■ **Activity**
As the answer, give every line of the records that includes the word "Center".

■ **Data in this exercise**
▼

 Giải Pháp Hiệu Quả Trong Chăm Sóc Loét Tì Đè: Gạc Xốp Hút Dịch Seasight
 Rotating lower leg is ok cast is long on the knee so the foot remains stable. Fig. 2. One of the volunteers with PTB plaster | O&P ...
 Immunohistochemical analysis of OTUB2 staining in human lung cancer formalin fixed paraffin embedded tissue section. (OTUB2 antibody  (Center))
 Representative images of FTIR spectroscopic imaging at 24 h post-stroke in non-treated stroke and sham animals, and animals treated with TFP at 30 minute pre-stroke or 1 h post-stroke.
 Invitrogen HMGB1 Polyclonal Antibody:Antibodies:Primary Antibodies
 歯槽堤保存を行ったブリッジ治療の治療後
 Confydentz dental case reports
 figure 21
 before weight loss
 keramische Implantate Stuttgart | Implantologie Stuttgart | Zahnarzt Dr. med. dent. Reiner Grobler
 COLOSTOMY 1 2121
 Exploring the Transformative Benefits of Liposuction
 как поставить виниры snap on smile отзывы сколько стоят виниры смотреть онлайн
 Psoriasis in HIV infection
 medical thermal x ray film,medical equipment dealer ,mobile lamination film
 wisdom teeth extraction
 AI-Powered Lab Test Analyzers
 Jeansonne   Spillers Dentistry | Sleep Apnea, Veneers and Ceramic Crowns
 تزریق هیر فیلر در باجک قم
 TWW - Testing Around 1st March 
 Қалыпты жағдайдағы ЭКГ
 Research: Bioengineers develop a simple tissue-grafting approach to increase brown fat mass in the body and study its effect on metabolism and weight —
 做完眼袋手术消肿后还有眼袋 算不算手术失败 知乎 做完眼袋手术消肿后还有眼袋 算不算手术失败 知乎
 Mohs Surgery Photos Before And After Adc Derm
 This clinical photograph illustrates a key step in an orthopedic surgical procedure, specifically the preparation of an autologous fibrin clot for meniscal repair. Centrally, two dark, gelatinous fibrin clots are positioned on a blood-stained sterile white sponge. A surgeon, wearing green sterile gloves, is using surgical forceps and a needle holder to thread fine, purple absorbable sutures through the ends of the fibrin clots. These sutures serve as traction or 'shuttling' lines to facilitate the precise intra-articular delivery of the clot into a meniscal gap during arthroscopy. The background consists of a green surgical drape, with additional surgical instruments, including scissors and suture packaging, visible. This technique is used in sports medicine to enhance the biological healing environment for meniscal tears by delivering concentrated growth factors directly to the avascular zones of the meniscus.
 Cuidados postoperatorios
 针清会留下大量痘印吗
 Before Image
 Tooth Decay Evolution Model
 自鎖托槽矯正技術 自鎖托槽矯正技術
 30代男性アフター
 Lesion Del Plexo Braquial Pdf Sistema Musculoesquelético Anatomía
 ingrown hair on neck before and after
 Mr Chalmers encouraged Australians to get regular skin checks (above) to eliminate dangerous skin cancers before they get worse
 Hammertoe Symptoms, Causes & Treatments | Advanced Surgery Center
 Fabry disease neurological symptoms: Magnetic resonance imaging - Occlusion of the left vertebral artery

▲

■ **Exercise solution**
 Immunohistochemical analysis of OTUB2 staining in human lung cancer formalin fixed paraffin embedded tissue section. (OTUB2 antibody  (Center))
 Hammertoe Symptoms, Causes & Treatments | Advanced Surgery Center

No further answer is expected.